Since I learned about Stitcher, I always just assumed that the service taps into the content directly using a podcast’s RSS feed (similar to how Downcast, which is a spectacularly great app, does it). I started to suspect that this was not the case when I noticed differences in audio quality between an “official” episode of one of my podcasts and the Stitcher version of the episode. They were clearly compressing the audio of the show in some way. Compressing makes it easier to listen to the show if you’re streaming it over a mobile data connection, but I wondered what the implications were for show producers such as myself.
I recently had the chance to learn about these implications through a blog post by Nerdist podcast host Chris Hardwick. His post is long and detailed, but it comes down to this: Stitcher essentially creates a copy of each one of your episodes, compresses the audio to facilitate streaming, then serves up that copy via their servers.
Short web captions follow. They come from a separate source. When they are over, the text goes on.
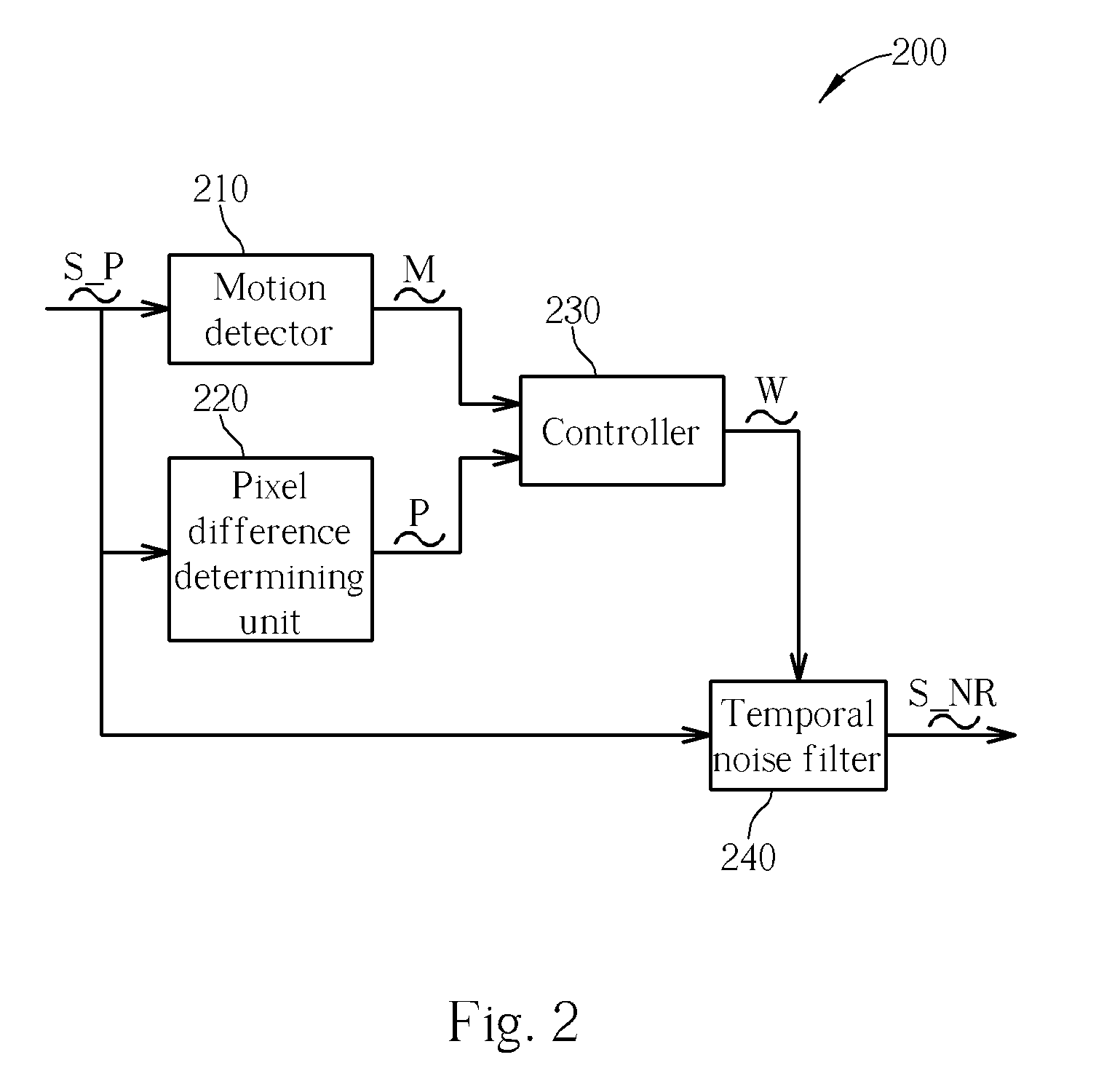 Apparatus and method for reducing temporal noise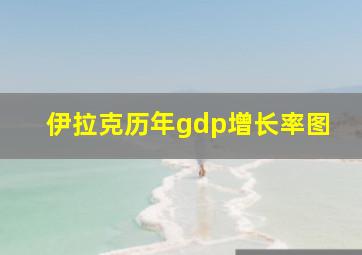 伊拉克历年gdp增长率图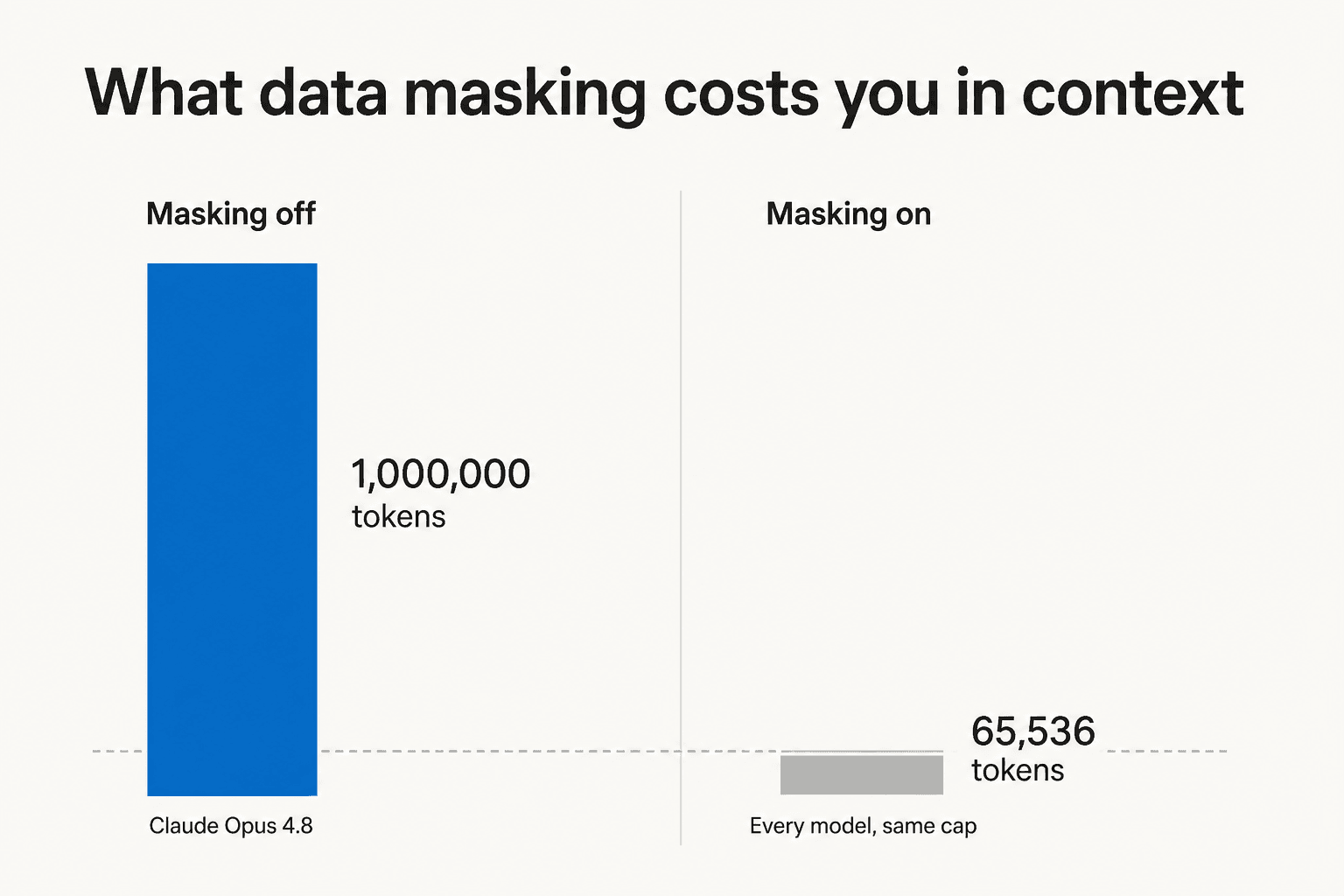 What data masking costs you in context: Claude Opus 4.8's million-token window collapses to 65,536 tokens with Einstein Trust Layer masking on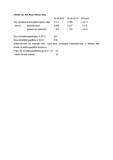 3.083 abgeschlossene Ausbildungsverträge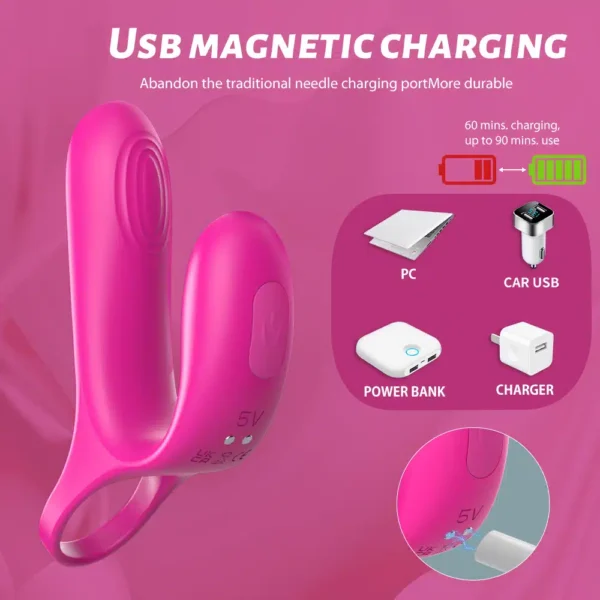 Pleaser Pro™ Combo: Cock Ring And Finger Vibrator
They also sell in-app adds on this content.
As a podcast host/producer, there are two important implications for this:
1) People are downloading episodes in a way that prevents us from keeping track of these downloads. Whenever we are lucky enough to have a sponsor, that sponsor typically pays us based on how many downloads we have. No Stitcher downloads/streams counted towards these totals.
2) Stitcher sells advertising on top of our content, essentially making money off of our “free” labor. This is a bit unjust on its face, but moreover, as Hardwick points out, this can become complicated when Stitcher’s sponsors conflict with our own.
Earlier today, I requested that both of my shows (The /Filmcast and The Tobolowsky Files) be removed from Stitcher. The representative I spoke with was incredibly accommodating and professional and as of now, both podcasts have been removed.
I know many of you listen to our show using Stitcher and I am deeply sorry for any inconvenience this change may cause your routine. That being said, if you listened to our show via Stitcher, it means we didn’t get to track your downloads and any revenue generated from your downloads went straight to Stitcher (Stitcher has an ad partnership program but why would I enlist in that when I can just sell advertising on my own?). While being de-listed from Stitcher nominally takes away from our exposure, it will maximize our ability to monetize our podcast and thus, will hopefully increase our overall longevity.
In my interactions with the Stitcher representative today, I learned that Stitcher apparently now has a way to tap into original podcast feeds, thus allowing us to keep track of downloads. Obviously this method comes with a number of disadvantages for the listener; most importantly, audio with large file sizes is difficult to stream and can end up costing a ton of data. Nonetheless, we may want to take them up on this option one day.
I’m not ready to do that right now. The problem is that for many months, Stitcher scraped our content, streamed it from their own servers, and sold ads on top of it. I find it objectionable and baffling that any company would think this is acceptable behavior, especially a company that purports to support a community of DIY bootstrappers that is the podcasting community. As a result, even if Stitcher has improved their ways, they’ve already destroyed a lot of trust in my mind. It may be possible for them to rebuild it, but that will take a long, long time.